That is: until now. 

And so now it's here - what have we got?

Well - it's Grant Morrison and Frank Quitely - described on the back cover by someone (sorry I didn't think to write it down) as the "Lennon and McCartney" of comics [4]. Which means that together they've created some of the best comics of the late 20th and early 21st Century including: JLA: Earth Two, (bits of) The New X-Men, (bits of) Batman and Robin, (the end of) The Invisibles, We3, All Star Superman [5] and this - where (and someone correct me if I'm wrong) their comic-book love-making first began.  

So what the hell is a "Flex Mentallo."? Well - first off you should realise that - regardless of how it sounds - it's one of the advanced positions from the Kama Sutra. Nope - he's a dude in a leopard print leotard who's cool, calm and collected in that same "no sweat - I can save the world" kinda way as Superman. He first appeared in the pages during Grant Morrison's run of the Doom Patrol - but don't worry - you don't have to have it that in order to make sense of this. (A poor choice of words maybe seeing how there will be a few of you who are going to struggling very hard in order to try and make sense of both of those without realising that neither of those books are open to "being made sense of" in the usual kind of way).
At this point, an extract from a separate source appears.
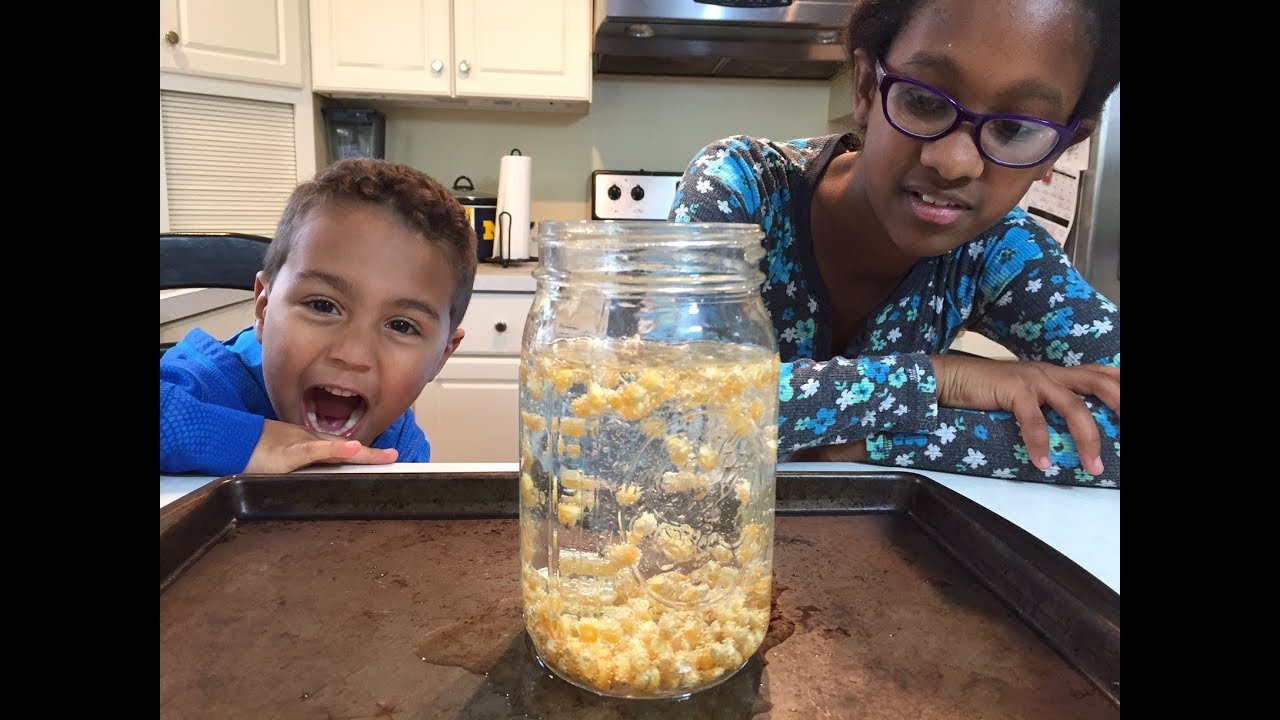 Dancing Popcorn Experiment: Easy Science Experiments For Kids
In some respects there's an argument to be made that Flex Mentallo is Grant Morrison's spin on Watchmen [6] although instead of following Watchmen's direction of taking the idea of superheroes and making them fit into "real life" - Flex (you don't mind if I call you "Flex" do you?) skews the opposite way and attempts to levitate real life into the marvelous and fantastical realm of the superheros: constantly asking - no wait - imploring - the reader: What if? What If? And then combines that with the doomsday clock countdown - but instead of having it stand for the whole world - it focuses it on one man - sitting in the gutter with a phone next to his ear. And - rather than being stuck in just one particular period - the 4 issues that combine to make the entirely of Flex Mentallo spans across the four main stages of comics history (check those covers!). The other Alan Moore connection for me is - strange as it may sound From Hell. There's a panel in that where one character tells the other that: "The one place in which gods and demons inarguably exist is in the human mind, where they are real in all their grandeur and monstrosity." Flex Mentallo is like that - but with "gods and demons" replaced with "superheros."

I've said something like this before but: my oh-so-delicate tastes have never been able to quite digest Morrison when he's given too much room to run around in - yeah there's bits of The Invisibles and Doom Patrol and his Batman run that I really like - but I any time I recommend them I always have to include my own reservations and a few disclaimers about how bits of it can seem like a bit of a mess (which is because it is). Which is why it's always a good idea - no wait - a great idea - to keep him reined in and bound within a single book (see: The Filth, We3, Joe the Barbarian): Flex Mentallo is one of the best examples because while things do get quite wild especially - and this will surprise no one who's been paying attention - towards the end. But the onslaught of ideas and the (relatively) linear narrative means that it feels more like lift-off than a car-crash. 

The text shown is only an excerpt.